**DESCRIPTION OF THE TASK:** Could you copy out all of the records below exactly, leaving out every picture?

[[ MATERIAL TO PROCESS, beginning ]]

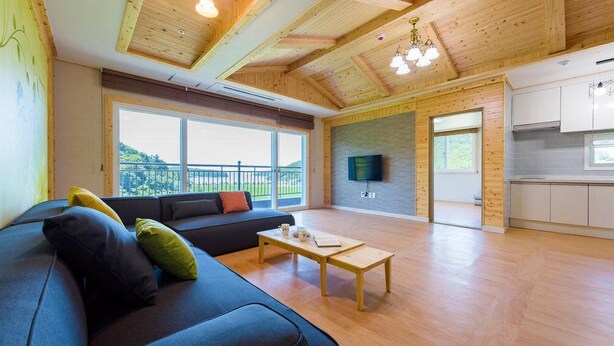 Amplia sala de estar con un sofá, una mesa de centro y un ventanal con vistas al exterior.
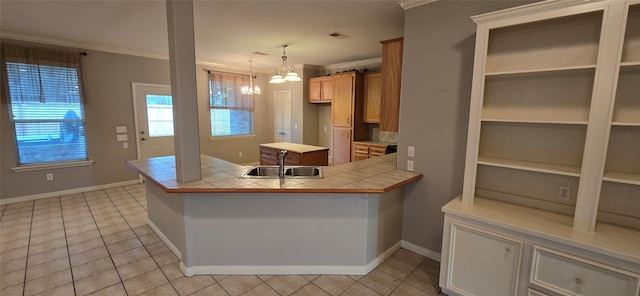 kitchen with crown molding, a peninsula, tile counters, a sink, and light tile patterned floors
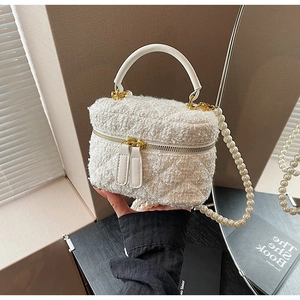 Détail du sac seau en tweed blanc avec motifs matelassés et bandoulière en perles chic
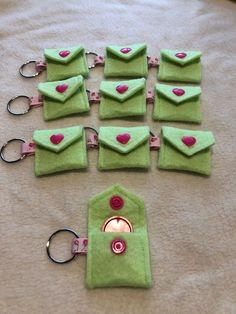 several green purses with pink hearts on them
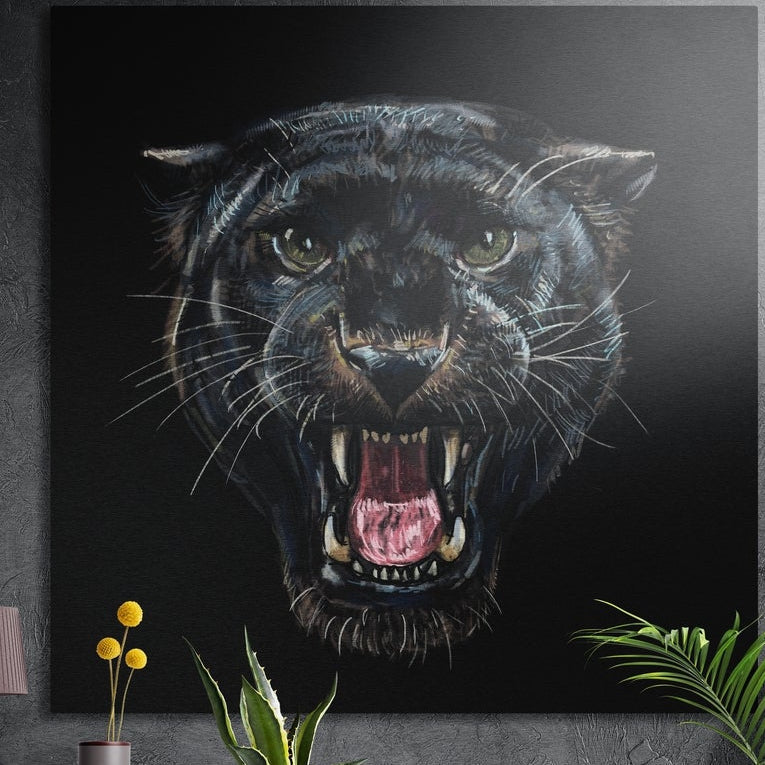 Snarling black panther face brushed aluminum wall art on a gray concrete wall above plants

[[ MATERIAL TO PROCESS, end ]]

**SOLVED EXERCISE:**
 Amplia sala de estar con un sofá, una mesa de centro y un ventanal con vistas al exterior.
 kitchen with crown molding, a peninsula, tile counters, a sink, and light tile patterned floors
 Détail du sac seau en tweed blanc avec motifs matelassés et bandoulière en perles chic
 several green purses with pink hearts on them
 Snarling black panther face brushed aluminum wall art on a gray concrete wall above plants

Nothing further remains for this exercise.